TASK STATEMENT
Give again, word for word, every line below from the one that has "Hotel Comfort Inn" through the one that has "Etagère plateau anthracite", both included, and no others.

RECORDS
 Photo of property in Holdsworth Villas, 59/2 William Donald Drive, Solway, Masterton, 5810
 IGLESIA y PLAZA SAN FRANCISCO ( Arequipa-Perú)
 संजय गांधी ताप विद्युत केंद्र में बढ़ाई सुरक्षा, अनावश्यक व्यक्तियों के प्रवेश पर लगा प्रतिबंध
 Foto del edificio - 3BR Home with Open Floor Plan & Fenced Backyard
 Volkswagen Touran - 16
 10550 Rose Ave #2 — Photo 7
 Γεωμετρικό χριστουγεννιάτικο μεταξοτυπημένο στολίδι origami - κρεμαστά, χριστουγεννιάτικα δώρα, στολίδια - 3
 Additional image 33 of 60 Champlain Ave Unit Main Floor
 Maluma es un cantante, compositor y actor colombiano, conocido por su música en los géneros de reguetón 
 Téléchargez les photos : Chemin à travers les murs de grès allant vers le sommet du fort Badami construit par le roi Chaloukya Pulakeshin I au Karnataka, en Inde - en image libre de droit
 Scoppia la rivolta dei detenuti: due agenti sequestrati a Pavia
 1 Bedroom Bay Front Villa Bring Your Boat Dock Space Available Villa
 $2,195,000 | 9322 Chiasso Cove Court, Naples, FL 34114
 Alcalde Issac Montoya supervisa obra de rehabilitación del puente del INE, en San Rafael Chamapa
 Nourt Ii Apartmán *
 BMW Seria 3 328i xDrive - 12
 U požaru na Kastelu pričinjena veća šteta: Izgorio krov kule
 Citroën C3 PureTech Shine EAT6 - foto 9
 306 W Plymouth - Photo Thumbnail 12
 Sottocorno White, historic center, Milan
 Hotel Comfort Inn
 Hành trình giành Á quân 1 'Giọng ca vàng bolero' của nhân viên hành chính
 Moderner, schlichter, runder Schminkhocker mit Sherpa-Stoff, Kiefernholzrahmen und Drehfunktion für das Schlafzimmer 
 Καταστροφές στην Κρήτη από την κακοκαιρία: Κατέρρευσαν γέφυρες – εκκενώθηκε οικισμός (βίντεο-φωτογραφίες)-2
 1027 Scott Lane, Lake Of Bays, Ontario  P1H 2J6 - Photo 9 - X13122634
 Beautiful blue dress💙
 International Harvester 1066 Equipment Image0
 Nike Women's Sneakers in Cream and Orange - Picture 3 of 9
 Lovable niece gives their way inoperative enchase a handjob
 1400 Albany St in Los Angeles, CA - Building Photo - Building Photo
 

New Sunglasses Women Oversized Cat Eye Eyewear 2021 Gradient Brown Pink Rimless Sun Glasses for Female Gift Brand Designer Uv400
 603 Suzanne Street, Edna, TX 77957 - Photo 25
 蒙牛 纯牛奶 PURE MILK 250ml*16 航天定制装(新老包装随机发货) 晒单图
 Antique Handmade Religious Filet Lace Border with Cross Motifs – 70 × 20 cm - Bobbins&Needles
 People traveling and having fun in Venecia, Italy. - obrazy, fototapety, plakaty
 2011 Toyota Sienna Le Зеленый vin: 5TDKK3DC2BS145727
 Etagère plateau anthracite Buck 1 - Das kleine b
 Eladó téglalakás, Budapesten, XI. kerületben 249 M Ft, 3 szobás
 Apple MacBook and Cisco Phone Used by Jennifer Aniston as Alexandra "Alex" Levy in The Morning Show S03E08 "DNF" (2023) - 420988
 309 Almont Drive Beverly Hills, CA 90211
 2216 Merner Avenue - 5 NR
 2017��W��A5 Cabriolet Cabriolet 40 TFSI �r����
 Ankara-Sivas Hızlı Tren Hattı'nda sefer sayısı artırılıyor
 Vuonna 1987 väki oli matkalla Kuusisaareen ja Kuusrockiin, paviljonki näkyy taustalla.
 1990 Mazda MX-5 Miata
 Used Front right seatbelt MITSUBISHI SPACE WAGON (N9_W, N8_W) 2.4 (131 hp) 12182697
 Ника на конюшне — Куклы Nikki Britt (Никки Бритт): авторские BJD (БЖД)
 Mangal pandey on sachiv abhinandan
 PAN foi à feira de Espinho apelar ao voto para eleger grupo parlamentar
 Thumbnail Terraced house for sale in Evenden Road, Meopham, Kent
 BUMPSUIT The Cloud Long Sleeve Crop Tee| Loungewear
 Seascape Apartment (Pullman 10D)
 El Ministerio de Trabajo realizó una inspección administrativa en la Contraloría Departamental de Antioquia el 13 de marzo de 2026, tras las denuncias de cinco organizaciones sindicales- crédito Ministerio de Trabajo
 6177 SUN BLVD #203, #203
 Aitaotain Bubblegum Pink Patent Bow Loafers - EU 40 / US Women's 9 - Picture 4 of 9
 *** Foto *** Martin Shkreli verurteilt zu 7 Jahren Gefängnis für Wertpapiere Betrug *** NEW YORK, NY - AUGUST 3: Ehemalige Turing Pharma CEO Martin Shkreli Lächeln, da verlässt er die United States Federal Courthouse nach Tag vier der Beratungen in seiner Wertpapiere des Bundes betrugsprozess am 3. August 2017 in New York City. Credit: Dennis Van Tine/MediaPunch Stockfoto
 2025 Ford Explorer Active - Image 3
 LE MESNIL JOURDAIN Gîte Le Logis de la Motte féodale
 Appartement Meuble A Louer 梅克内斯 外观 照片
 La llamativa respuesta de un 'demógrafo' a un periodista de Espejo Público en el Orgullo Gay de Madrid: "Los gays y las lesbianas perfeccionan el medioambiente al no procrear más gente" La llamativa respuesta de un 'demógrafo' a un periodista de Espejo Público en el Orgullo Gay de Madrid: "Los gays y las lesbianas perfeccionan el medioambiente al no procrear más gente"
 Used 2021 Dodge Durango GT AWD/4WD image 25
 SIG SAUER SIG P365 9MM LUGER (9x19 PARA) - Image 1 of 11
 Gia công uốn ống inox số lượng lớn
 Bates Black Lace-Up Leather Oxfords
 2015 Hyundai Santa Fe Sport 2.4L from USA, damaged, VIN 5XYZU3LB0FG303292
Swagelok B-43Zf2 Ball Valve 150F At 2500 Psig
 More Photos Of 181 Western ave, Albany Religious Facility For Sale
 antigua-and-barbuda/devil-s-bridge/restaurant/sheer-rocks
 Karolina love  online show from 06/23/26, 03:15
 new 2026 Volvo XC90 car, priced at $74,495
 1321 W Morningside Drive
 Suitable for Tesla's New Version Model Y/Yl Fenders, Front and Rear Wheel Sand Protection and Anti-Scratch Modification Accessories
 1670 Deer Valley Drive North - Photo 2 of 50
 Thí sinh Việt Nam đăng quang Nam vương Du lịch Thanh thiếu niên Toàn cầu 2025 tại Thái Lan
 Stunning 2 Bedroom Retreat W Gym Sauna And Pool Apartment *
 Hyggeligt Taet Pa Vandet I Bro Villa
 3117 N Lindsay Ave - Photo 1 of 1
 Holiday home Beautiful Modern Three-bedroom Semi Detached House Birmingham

SOLUTION
 Hotel Comfort Inn
 Hành trình giành Á quân 1 'Giọng ca vàng bolero' của nhân viên hành chính
 Moderner, schlichter, runder Schminkhocker mit Sherpa-Stoff, Kiefernholzrahmen und Drehfunktion für das Schlafzimmer 
 Καταστροφές στην Κρήτη από την κακοκαιρία: Κατέρρευσαν γέφυρες – εκκενώθηκε οικισμός (βίντεο-φωτογραφίες)-2
 1027 Scott Lane, Lake Of Bays, Ontario  P1H 2J6 - Photo 9 - X13122634
 Beautiful blue dress💙
 International Harvester 1066 Equipment Image0
 Nike Women's Sneakers in Cream and Orange - Picture 3 of 9
 Lovable niece gives their way inoperative enchase a handjob
 1400 Albany St in Los Angeles, CA - Building Photo - Building Photo
 

New Sunglasses Women Oversized Cat Eye Eyewear 2021 Gradient Brown Pink Rimless Sun Glasses for Female Gift Brand Designer Uv400
 603 Suzanne Street, Edna, TX 77957 - Photo 25
 蒙牛 纯牛奶 PURE MILK 250ml*16 航天定制装(新老包装随机发货) 晒单图
 Antique Handmade Religious Filet Lace Border with Cross Motifs – 70 × 20 cm - Bobbins&Needles
 People traveling and having fun in Venecia, Italy. - obrazy, fototapety, plakaty
 2011 Toyota Sienna Le Зеленый vin: 5TDKK3DC2BS145727
 Etagère plateau anthracite Buck 1 - Das kleine b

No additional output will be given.